Science Museum, SW7, to 11 Sep
2: Conceptual Art In Britain 1964–1979
British conceptual art – you mean the Turner prize, bisected cows, unmade beds and the lights going on and off? No – there was a lively experimental art scene in Britain much earlier than most people think and this exhibition unveils its secret history. Marvel at the antics of Keith Arnatt, Art and Language, Mary Kelly and many more. But the exhibition does raise a question: why did these early British conceptualists never seize the national imagination in the way their spiritual descendants have? Were they too radical or just a bit silly? Something to think about in this exhibition of thinking art.
3: In The Age Of Giorgione
This is a sensual dream of an exhibition that brings to life a lost genius of the Renaissance. Dead from plague by his early 30s, Giorgione left behind a romantic reputation as a lover, a lutenist and a lyrical painter. The efforts of five centuries of quibbling art scholarship have nibbled away at his reputation until few surviving paintings are still attributed to him. How brave and important of the RA, then, to resurrect this seductive, courageous visionary. Ignore the sceptics and surrender yourself to the Venetian Leonardo da Vinci.
4: Glasgow International
While London has gone through a surreal evolution from staid backwater to today’s moneyed art capital, Glasgow has kept the bohemian ethos of a city made for artists rather than art dealers. With comparatively few galleries – but a great art college – it is a place to live cheaply and experiment. This festival starring the likes of Turner prize-winner Martin Boyce celebrates its creative inferno.

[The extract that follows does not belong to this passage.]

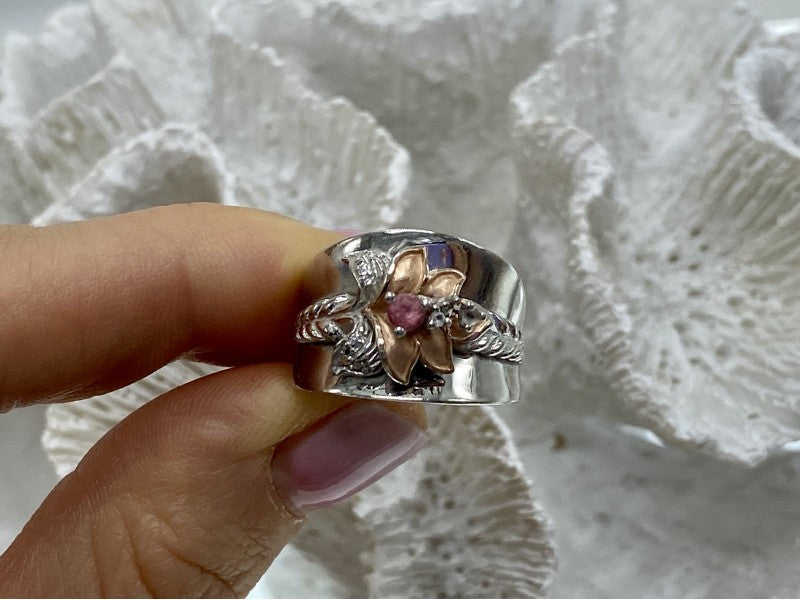 925 Sterling Silver Morganite & Goshenite "Scarlet Flower" Ring Size 5.5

5: Botticelli And Treasures From The Hamilton Collection
No one has ever drawn hell with the clarity and confidence of Sandro Botticelli. A compelling selection of this mystic master’s illustrations for Dante’s Divine Comedy can be seen here, and it’s like walking through the world of the dead. What makes Botticelli unique among Dante illustrators is the calm dignity of his line that matches the grave tone of a poem whose sublime authority haunts the modern world.